RAINFALL BELOW NORMAL

Evan Thompson, director of the Meteorological Services Branch, updated on drought conditions and stated that at the end of February all 13 parishes were receiving below normal rainfall, and a number of parishes were already experiencing drought conditions.

“All the way back to October 2023, where we had the amounts of rainfall, (we had) just about 80 per cent of normal rainfall. As we went into November and December, we saw some kind of reprieve [but] October is usually the month where we look for the greatest amount of rainfall, because that is our primary rainfall season. But as we went through to November and December, we saw that things improved somewhat,” Thompson said.

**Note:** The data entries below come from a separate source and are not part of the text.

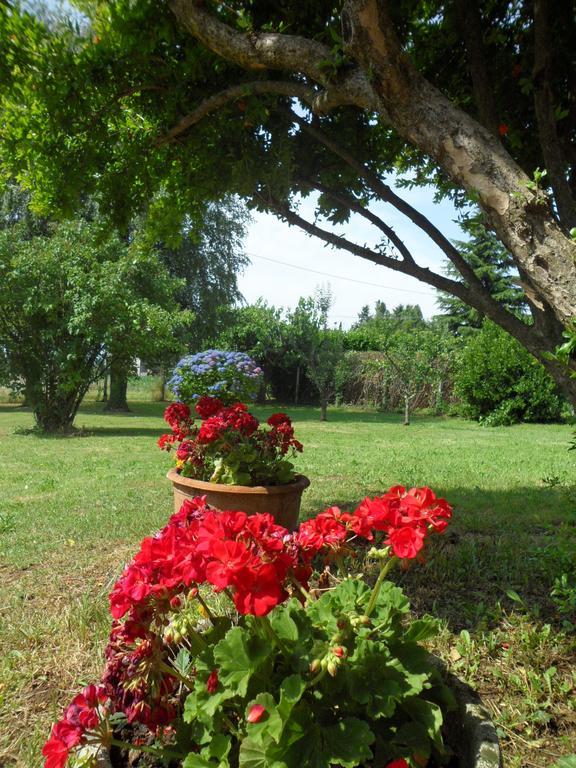 B&B Cuei Di Baret Tricesimo Dış mekan fotoğraf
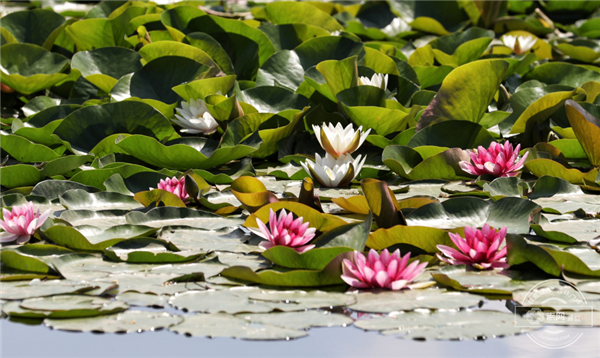 Water lily flourishing in Changchun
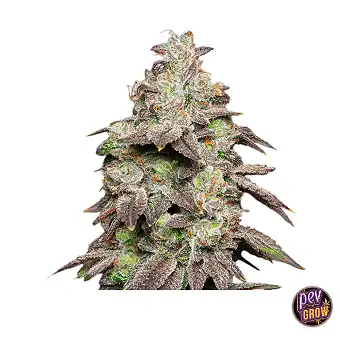 Fried Banana Dişi Tohumlar...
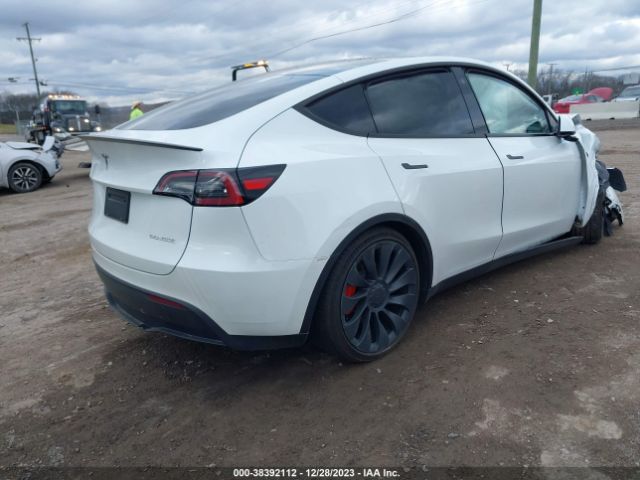 7SAYGDEF5PF779865  tesla model y 2023 IMG 3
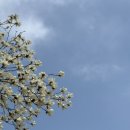 다사랑온누리약국 이미지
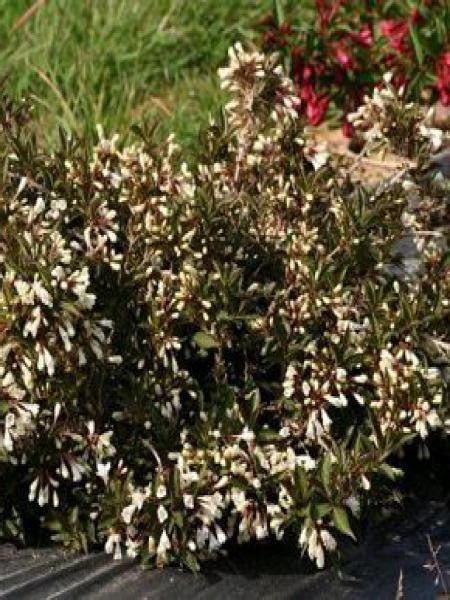 Weigela 'Black and White'® - Weigela - Le Jardin du Pic Vert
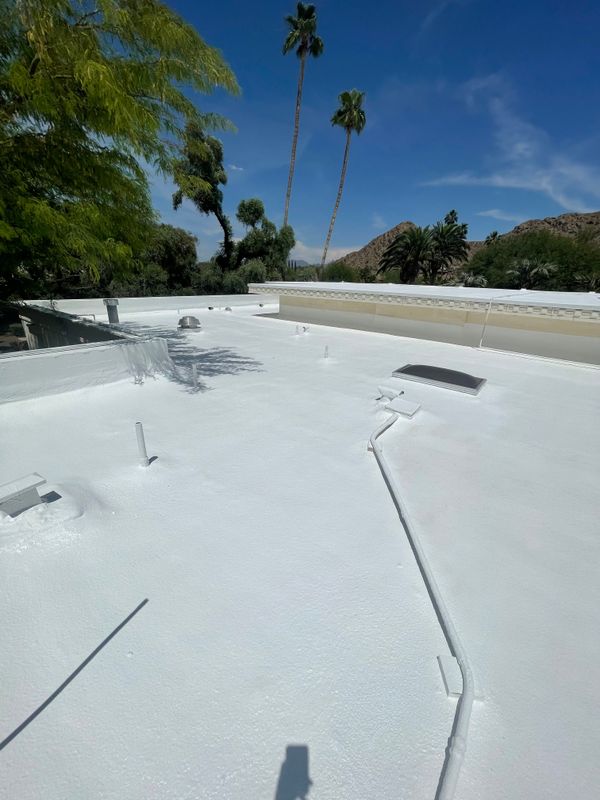 Foam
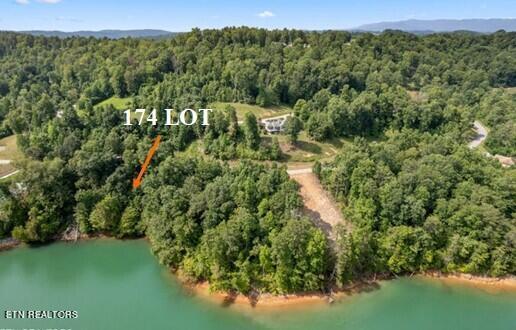 Norris Lake Real Estate - Image# 3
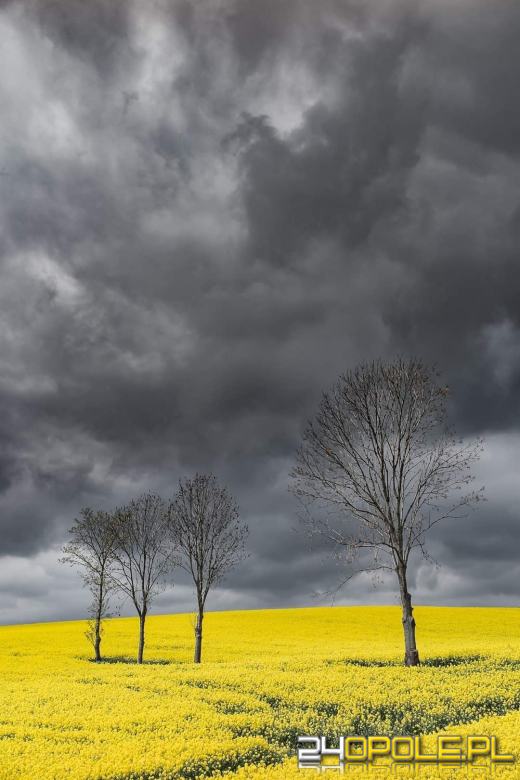 Strażacy podsumowali burzową noc. Czytelnicy nadesłali dużo zdjęć 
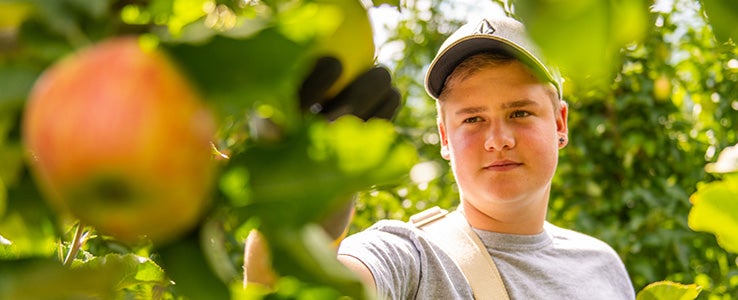 Junge bei der Apfelernte. Im Vordergrund findet sich ein Apfel in der Nahaufnahme.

“But then there was a significant drop in January, and there we saw where rainfall amounts were just maybe less than 50 per cent of what is normal for the island. Then going into February, we saw just over 50 per cent, but still below (the) 60 per cent of normal rainfall, and March was seeing something very much close to that. We are still tallying the figures for March, but it is very close to what we experienced in February, very little rainfall detected across the island,” he said.

He said the drought experienced in 2022 to 2023 was a significant in Jamaica’s history, and it was not until April, May and going into June before things got better.

Kevin Kerr, acting president of the National Water Commission, said the capital requirements to solve the issues associated with water in Negril will be approximately US$2 million for the short term, US$186 million for the medium term and US$108 million in the long term.

He said the short-term measures can be implemented between April and July 2024. That would include a rapid appraisal of the network with active leak detection, quick leak repairs and tank rehabilitation, regularisation of consumers to encourage conservation, commence procurement of eight new water trucks; decalcification (pigging) of the Great River Raw Water Intake Pipeline and water transfer from Great River to Green Island.

The medium-term measures would be implemented between January 2025 and December 2027, which includes upgrading the transmission main between Martha Brae and Montego Bay and Lucea to Green Island and Negril, expanding capacity of the Martha Brae and Great River Water Treatment Plant and further exploring desalination.

The long-term measures would be implemented between January 2027 and December 2030 and these include constructing a new 10 mgd (million gallons per day) treatment plant at Roaring River and transmission main to Negril, and implementing the Non-Revenue Water Co-Management Project.